Data section —
====

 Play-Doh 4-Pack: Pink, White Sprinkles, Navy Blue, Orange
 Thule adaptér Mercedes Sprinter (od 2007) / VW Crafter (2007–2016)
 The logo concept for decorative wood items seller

====

What you should do —
Print the data in full. Match it exactly.

Expected answer —
 Play-Doh 4-Pack: Pink, White Sprinkles, Navy Blue, Orange
 Thule adaptér Mercedes Sprinter (od 2007) / VW Crafter (2007–2016)
 The logo concept for decorative wood items seller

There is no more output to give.